Every entry must be given again exactly as it is written.

### Dataset content
=== Section Start ===

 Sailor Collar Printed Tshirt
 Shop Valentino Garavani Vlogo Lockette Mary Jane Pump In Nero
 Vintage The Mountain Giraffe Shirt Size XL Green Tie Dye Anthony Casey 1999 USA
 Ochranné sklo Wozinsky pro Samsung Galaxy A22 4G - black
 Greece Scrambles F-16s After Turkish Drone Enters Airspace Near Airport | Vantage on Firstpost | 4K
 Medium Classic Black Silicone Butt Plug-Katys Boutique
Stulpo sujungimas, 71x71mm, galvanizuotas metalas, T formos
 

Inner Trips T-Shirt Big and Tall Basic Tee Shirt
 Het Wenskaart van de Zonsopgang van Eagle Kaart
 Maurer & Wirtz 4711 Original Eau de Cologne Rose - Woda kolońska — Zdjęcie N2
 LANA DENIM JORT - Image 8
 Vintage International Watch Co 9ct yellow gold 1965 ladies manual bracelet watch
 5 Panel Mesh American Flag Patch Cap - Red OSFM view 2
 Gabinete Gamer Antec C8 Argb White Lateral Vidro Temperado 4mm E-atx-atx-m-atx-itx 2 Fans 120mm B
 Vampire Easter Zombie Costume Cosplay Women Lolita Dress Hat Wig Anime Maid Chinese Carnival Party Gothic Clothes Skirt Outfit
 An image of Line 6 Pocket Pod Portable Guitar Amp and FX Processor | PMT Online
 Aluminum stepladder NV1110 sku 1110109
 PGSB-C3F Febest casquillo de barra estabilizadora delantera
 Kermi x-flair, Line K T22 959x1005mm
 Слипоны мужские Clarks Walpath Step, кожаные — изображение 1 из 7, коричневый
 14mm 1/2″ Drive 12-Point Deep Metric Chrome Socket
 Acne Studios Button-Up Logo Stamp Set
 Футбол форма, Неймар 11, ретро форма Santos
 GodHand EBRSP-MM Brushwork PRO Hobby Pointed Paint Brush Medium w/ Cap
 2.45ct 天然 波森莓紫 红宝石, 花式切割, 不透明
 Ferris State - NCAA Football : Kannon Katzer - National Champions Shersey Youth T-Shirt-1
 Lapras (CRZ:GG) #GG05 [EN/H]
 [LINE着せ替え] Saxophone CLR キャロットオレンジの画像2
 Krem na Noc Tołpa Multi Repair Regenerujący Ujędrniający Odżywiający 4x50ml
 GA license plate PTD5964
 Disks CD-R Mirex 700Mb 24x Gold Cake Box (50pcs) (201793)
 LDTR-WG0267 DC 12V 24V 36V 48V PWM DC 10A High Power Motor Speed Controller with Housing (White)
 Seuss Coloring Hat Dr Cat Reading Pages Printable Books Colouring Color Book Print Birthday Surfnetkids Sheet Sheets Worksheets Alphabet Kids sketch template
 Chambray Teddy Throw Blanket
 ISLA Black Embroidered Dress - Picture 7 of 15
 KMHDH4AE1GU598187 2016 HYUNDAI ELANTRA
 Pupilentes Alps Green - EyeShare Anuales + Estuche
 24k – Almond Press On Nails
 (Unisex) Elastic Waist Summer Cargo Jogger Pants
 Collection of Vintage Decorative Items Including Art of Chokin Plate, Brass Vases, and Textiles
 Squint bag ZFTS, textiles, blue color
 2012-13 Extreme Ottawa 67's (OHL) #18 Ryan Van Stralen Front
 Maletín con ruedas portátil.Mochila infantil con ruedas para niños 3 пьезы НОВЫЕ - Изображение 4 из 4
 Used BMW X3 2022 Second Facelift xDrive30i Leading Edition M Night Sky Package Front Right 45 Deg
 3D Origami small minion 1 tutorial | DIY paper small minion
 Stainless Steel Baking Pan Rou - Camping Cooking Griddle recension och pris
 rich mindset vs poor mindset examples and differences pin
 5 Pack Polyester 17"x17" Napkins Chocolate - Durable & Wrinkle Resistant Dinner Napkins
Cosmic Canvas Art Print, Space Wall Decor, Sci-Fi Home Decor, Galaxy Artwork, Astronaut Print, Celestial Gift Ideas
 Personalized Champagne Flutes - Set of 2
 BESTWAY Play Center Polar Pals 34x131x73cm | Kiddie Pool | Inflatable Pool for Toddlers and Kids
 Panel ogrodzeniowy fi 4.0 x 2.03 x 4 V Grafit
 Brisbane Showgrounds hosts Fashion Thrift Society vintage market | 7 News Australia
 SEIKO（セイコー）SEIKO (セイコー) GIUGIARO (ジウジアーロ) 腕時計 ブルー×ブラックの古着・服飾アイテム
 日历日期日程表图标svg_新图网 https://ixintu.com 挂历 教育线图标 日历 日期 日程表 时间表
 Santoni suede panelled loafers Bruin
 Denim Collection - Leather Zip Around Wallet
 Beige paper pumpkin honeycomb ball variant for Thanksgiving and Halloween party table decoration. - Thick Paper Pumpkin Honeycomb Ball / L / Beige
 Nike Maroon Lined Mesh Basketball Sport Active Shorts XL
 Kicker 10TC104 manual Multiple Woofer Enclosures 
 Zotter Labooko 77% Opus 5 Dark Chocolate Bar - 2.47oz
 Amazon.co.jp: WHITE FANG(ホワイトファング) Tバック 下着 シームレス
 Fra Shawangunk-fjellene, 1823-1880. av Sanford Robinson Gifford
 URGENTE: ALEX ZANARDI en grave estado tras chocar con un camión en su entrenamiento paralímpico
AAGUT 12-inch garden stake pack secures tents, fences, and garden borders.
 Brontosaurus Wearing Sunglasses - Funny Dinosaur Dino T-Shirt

=== Section End ===

### Result for this exercise
 Sailor Collar Printed Tshirt
 Shop Valentino Garavani Vlogo Lockette Mary Jane Pump In Nero
 Vintage The Mountain Giraffe Shirt Size XL Green Tie Dye Anthony Casey 1999 USA
 Ochranné sklo Wozinsky pro Samsung Galaxy A22 4G - black
 Greece Scrambles F-16s After Turkish Drone Enters Airspace Near Airport | Vantage on Firstpost | 4K
 Medium Classic Black Silicone Butt Plug-Katys Boutique
Stulpo sujungimas, 71x71mm, galvanizuotas metalas, T formos
 

Inner Trips T-Shirt Big and Tall Basic Tee Shirt
 Het Wenskaart van de Zonsopgang van Eagle Kaart
 Maurer & Wirtz 4711 Original Eau de Cologne Rose - Woda kolońska — Zdjęcie N2
 LANA DENIM JORT - Image 8
 Vintage International Watch Co 9ct yellow gold 1965 ladies manual bracelet watch
 5 Panel Mesh American Flag Patch Cap - Red OSFM view 2
 Gabinete Gamer Antec C8 Argb White Lateral Vidro Temperado 4mm E-atx-atx-m-atx-itx 2 Fans 120mm B
 Vampire Easter Zombie Costume Cosplay Women Lolita Dress Hat Wig Anime Maid Chinese Carnival Party Gothic Clothes Skirt Outfit
 An image of Line 6 Pocket Pod Portable Guitar Amp and FX Processor | PMT Online
 Aluminum stepladder NV1110 sku 1110109
 PGSB-C3F Febest casquillo de barra estabilizadora delantera
 Kermi x-flair, Line K T22 959x1005mm
 Слипоны мужские Clarks Walpath Step, кожаные — изображение 1 из 7, коричневый
 14mm 1/2″ Drive 12-Point Deep Metric Chrome Socket
 Acne Studios Button-Up Logo Stamp Set
 Футбол форма, Неймар 11, ретро форма Santos
 GodHand EBRSP-MM Brushwork PRO Hobby Pointed Paint Brush Medium w/ Cap
 2.45ct 天然 波森莓紫 红宝石, 花式切割, 不透明
 Ferris State - NCAA Football : Kannon Katzer - National Champions Shersey Youth T-Shirt-1
 Lapras (CRZ:GG) #GG05 [EN/H]
 [LINE着せ替え] Saxophone CLR キャロットオレンジの画像2
 Krem na Noc Tołpa Multi Repair Regenerujący Ujędrniający Odżywiający 4x50ml
 GA license plate PTD5964
 Disks CD-R Mirex 700Mb 24x Gold Cake Box (50pcs) (201793)
 LDTR-WG0267 DC 12V 24V 36V 48V PWM DC 10A High Power Motor Speed Controller with Housing (White)
 Seuss Coloring Hat Dr Cat Reading Pages Printable Books Colouring Color Book Print Birthday Surfnetkids Sheet Sheets Worksheets Alphabet Kids sketch template
 Chambray Teddy Throw Blanket
 ISLA Black Embroidered Dress - Picture 7 of 15
 KMHDH4AE1GU598187 2016 HYUNDAI ELANTRA
 Pupilentes Alps Green - EyeShare Anuales + Estuche
 24k – Almond Press On Nails
 (Unisex) Elastic Waist Summer Cargo Jogger Pants
 Collection of Vintage Decorative Items Including Art of Chokin Plate, Brass Vases, and Textiles
 Squint bag ZFTS, textiles, blue color
 2012-13 Extreme Ottawa 67's (OHL) #18 Ryan Van Stralen Front
 Maletín con ruedas portátil.Mochila infantil con ruedas para niños 3 пьезы НОВЫЕ - Изображение 4 из 4
 Used BMW X3 2022 Second Facelift xDrive30i Leading Edition M Night Sky Package Front Right 45 Deg
 3D Origami small minion 1 tutorial | DIY paper small minion
 Stainless Steel Baking Pan Rou - Camping Cooking Griddle recension och pris
 rich mindset vs poor mindset examples and differences pin
 5 Pack Polyester 17"x17" Napkins Chocolate - Durable & Wrinkle Resistant Dinner Napkins
Cosmic Canvas Art Print, Space Wall Decor, Sci-Fi Home Decor, Galaxy Artwork, Astronaut Print, Celestial Gift Ideas
 Personalized Champagne Flutes - Set of 2
 BESTWAY Play Center Polar Pals 34x131x73cm | Kiddie Pool | Inflatable Pool for Toddlers and Kids
 Panel ogrodzeniowy fi 4.0 x 2.03 x 4 V Grafit
 Brisbane Showgrounds hosts Fashion Thrift Society vintage market | 7 News Australia
 SEIKO（セイコー）SEIKO (セイコー) GIUGIARO (ジウジアーロ) 腕時計 ブルー×ブラックの古着・服飾アイテム
 日历日期日程表图标svg_新图网 https://ixintu.com 挂历 教育线图标 日历 日期 日程表 时间表
 Santoni suede panelled loafers Bruin
 Denim Collection - Leather Zip Around Wallet
 Beige paper pumpkin honeycomb ball variant for Thanksgiving and Halloween party table decoration. - Thick Paper Pumpkin Honeycomb Ball / L / Beige
 Nike Maroon Lined Mesh Basketball Sport Active Shorts XL
 Kicker 10TC104 manual Multiple Woofer Enclosures 
 Zotter Labooko 77% Opus 5 Dark Chocolate Bar - 2.47oz
 Amazon.co.jp: WHITE FANG(ホワイトファング) Tバック 下着 シームレス
 Fra Shawangunk-fjellene, 1823-1880. av Sanford Robinson Gifford
 URGENTE: ALEX ZANARDI en grave estado tras chocar con un camión en su entrenamiento paralímpico
AAGUT 12-inch garden stake pack secures tents, fences, and garden borders.
 Brontosaurus Wearing Sunglasses - Funny Dinosaur Dino T-Shirt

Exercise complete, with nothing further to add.